§ **PROBLEM**
Only the lines from the one containing "Now we will" through the end of the material should be printed, exactly as they appear. Leave out pictures.

§ **GIVEN DATA**
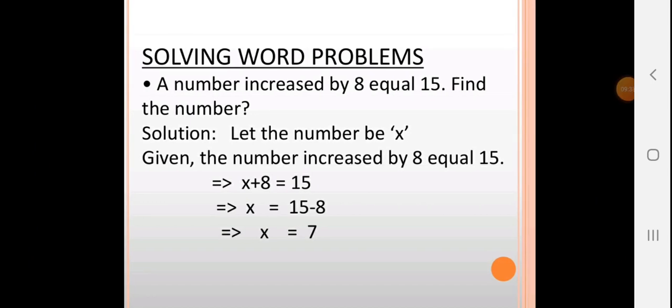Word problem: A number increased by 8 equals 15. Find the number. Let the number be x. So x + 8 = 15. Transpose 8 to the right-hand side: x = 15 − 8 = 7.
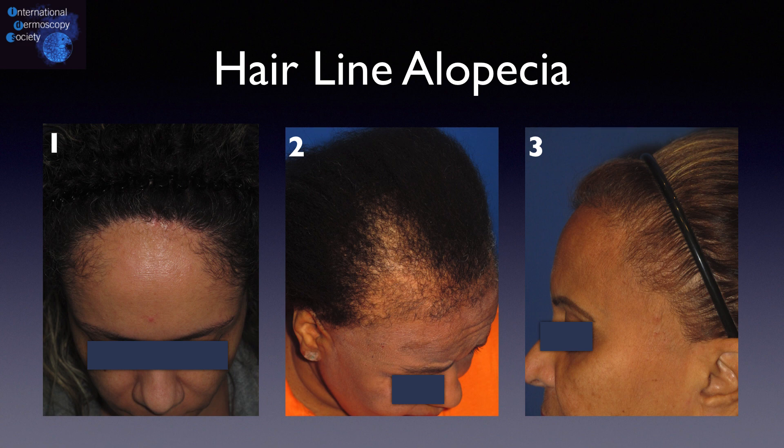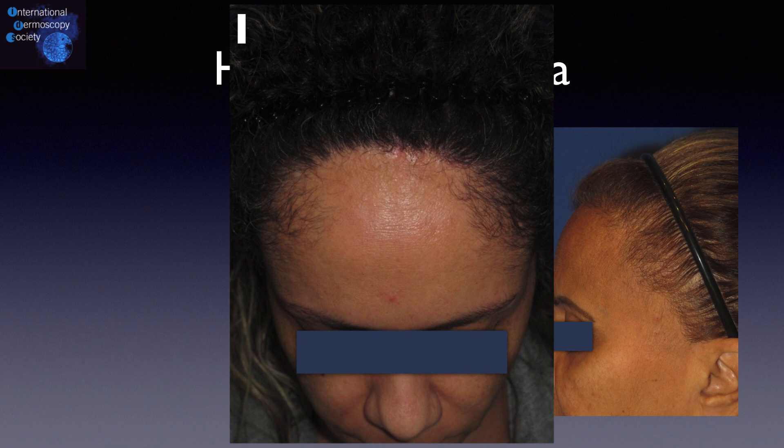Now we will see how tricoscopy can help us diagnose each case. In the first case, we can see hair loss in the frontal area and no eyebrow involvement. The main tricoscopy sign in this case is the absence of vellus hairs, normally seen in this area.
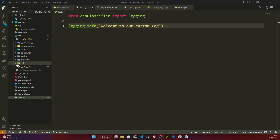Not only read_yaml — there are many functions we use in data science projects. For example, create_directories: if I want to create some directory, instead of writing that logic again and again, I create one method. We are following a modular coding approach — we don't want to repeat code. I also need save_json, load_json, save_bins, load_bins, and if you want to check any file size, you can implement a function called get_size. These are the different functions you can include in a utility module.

§ **SOLUTION TO THE PROBLEM**
Now we will see how tricoscopy can help us diagnose each case. In the first case, we can see hair loss in the frontal area and no eyebrow involvement. The main tricoscopy sign in this case is the absence of vellus hairs, normally seen in this area.
Not only read_yaml — there are many functions we use in data science projects. For example, create_directories: if I want to create some directory, instead of writing that logic again and again, I create one method. We are following a modular coding approach — we don't want to repeat code. I also need save_json, load_json, save_bins, load_bins, and if you want to check any file size, you can implement a function called get_size. These are the different functions you can include in a utility module.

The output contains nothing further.